On 29 April, the Allahabad High Court dismissed the Sahara Group's petition with these caustic remarks: "A person, who comes to the court, is supposed to come with clean hands and bona fide intentions, and has to abide by the orders passed by the court, more so in a case where the parties' counsel agree for certain actions to be undertaken. If some assurance is given by any person to the court, as has been done in the present case, and the said assurance/understanding is not honoured, the court would not come to his rescue. The application is therefore, rejected."
The matter then went back to the Supreme Court which asked Sebi to conduct its enquiry after giving the company officials a fair hearing. The final Sebi order, which incorporates the details of those hearings, is a telling indictment of how close to the wind the group has been sailing. Here are the key takeouts:
The Sahara Group primarily challenged Sebi's intrusion into the affairs of SCSC and SHIC saying that OFCDs were not under Sebi's jurisdiction since they were hybrid instruments- neither shares nor debentures. Sebi demolished this argument easily since they were debentures that could be converted into shares.
In any event, said the Sahara group, the OFCDs were being privately placed with the Sahara Parivar and not the general public. When no public offer was involved, how could Sebi intervene?
Sebi kayoed this argument simply: when Sahara offices and agents were vending these OFCDs, and when the two companies had garnered over six million investors, many of whom had no connection with the Sahara group, the offers was effectively not a private placement.

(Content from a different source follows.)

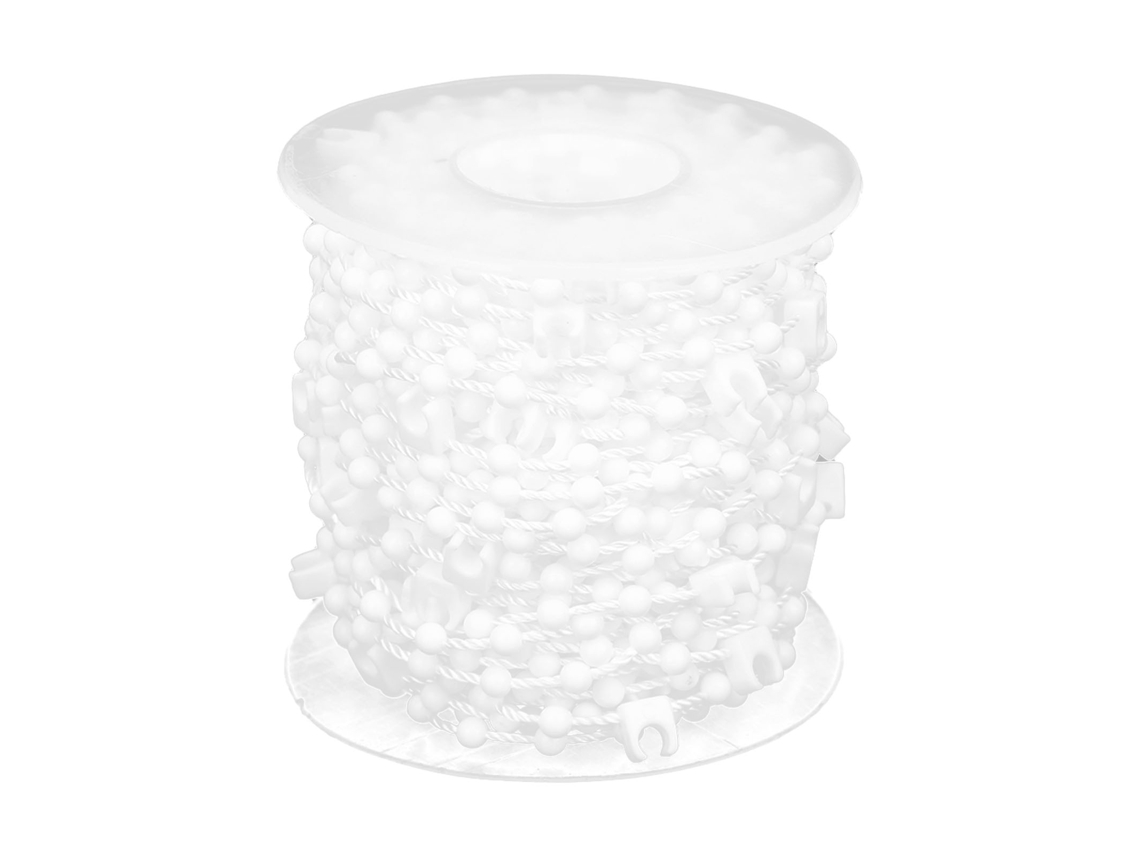 Cordão de Pérolas para Cortina Vertical 10m em Ferro e Pom Branco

Sahara's clout in the corridors of power was visible when it produced opinions from the Law Ministry supporting its case. But the ministry had its own discordant views. While one Additional Solicitor General (ASG), Mohan Parasaran, leaned towards the Sahara Group's claim that the OFCDs were not a public issue, another ASG, Parag Tripathi, held otherwise. Section 67(3) of the Companies Act clearly says that where the number of investors exceeds 50, it cannot be termed a private placement.

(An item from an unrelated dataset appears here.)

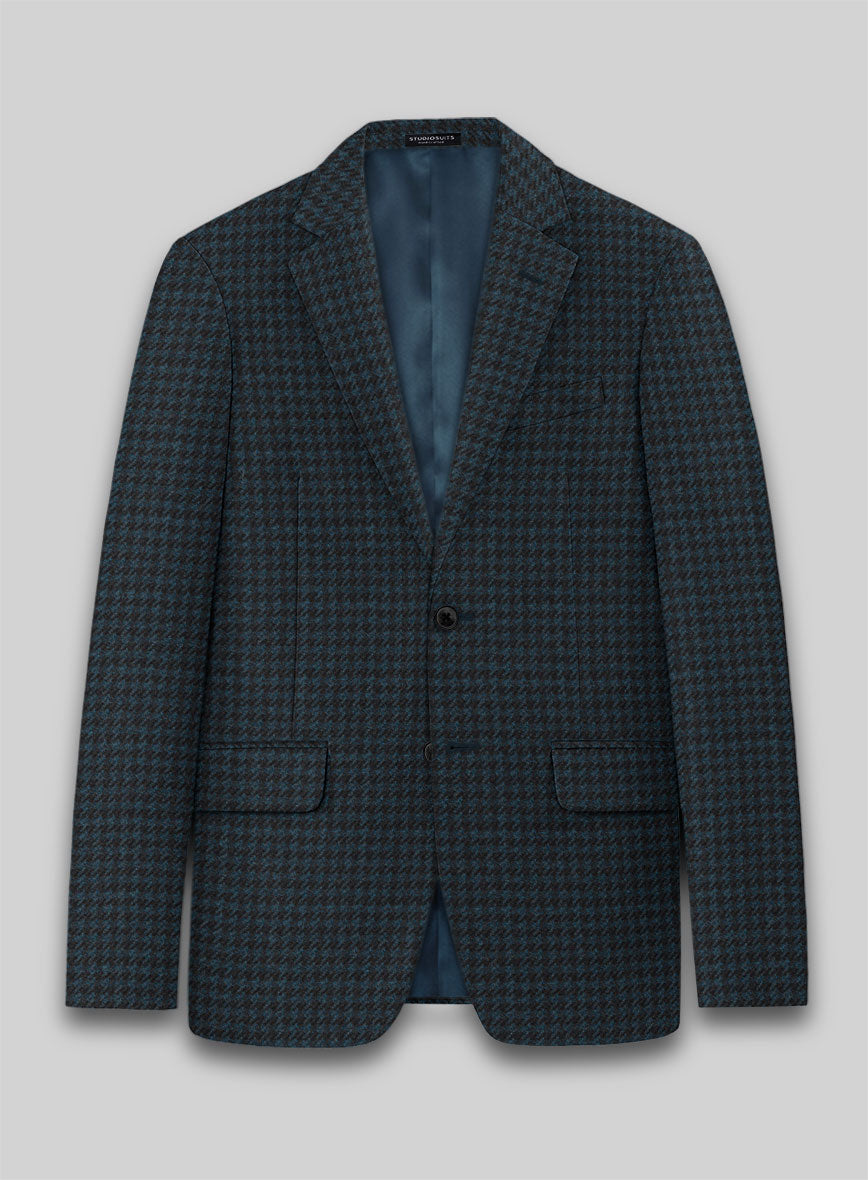 Italian Timas Teal Blue Houndstooth Flannel Jacket - StudioSuits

However, so far it was all about interpreting the law on hybrid instruments and private placement of shares. But things get murkier from now on. Here's where the Sahara Group's efforts to avoid Sebi guidelines come through clearly.
First, Abraham shows how the Group, in contravention of Schedule II of the Companies Act, tried to deliberately exclude Sebi from vetting the DRHPs of the two companies. The Schedule specifies that while filing the DHRP, company directors have to file a declaration saying that they have complied with all provisions of the Companies Act and the Sebi guidelines, among other things. But the directors of Sahara Commodity Services Corporation and Sahara Housing Investment Corporation excluded all references to Sebi while signing their declarations.
Says Abraham: "I also suspect that there has been a reprehensible attempt to conceal this applicability of the provisions of laws and the jurisdiction of Sebi on the issue itself, by making changes in the form and structure of the statutory declaration filed by the directors of the two companies."
Sebi's second major charge against Sahara is that it tried to bypass its strict laws on investor protection. In this context, it points out that SHIC's privately placed issue of OFCDs opened in 2008 and SCSC's (earlier called Sahara India Real Estate Corporation, or SIREC) in 2009, but they had no closing date at all!
In fact, says Abraham, another Sahara company, Sahara India Commercial Corporation, had kept an issue for an overall size of Rs 17,250 crore open for 10 years!
How did this happen? Asks Abraham: "Such an alternative conduit of capital mobilisation bypassing much of the regulatory framework applicable to issue of capital, could potentially subject our country's financial market and its investors to inordinate risks. Needless to say, the risk that such softer paths could be misused for massive money laundering is also dangerously real. Any dilution of the regulatory regime for the issue of capital by companies in India clearly is antithetical to our own objectives of investor protection."
Asks Abraham: "Can an issuer file an Information Memorandum, open the issue and keep the same open indefinitely? In fact, does it mean that an issuer need not even close the issue and keep it open perpetually?"
Apparently, for Sahara everything's possible.
Third, the Sebi investigation clearly points to a lack of corporate governance at Sahara companies. The two companies, SCSC and SHIC - which were expecting to raise Rs 40,000 crore between them - did not even have a proper list of investors.
Says Abraham: "The two companies... are without doubt, clearly in gross violation of the provisions of the laws applicable to public companies making offers of securities to the public. (They) seem to be unable to furnish even basic data on the identity of its (sic) own investors..".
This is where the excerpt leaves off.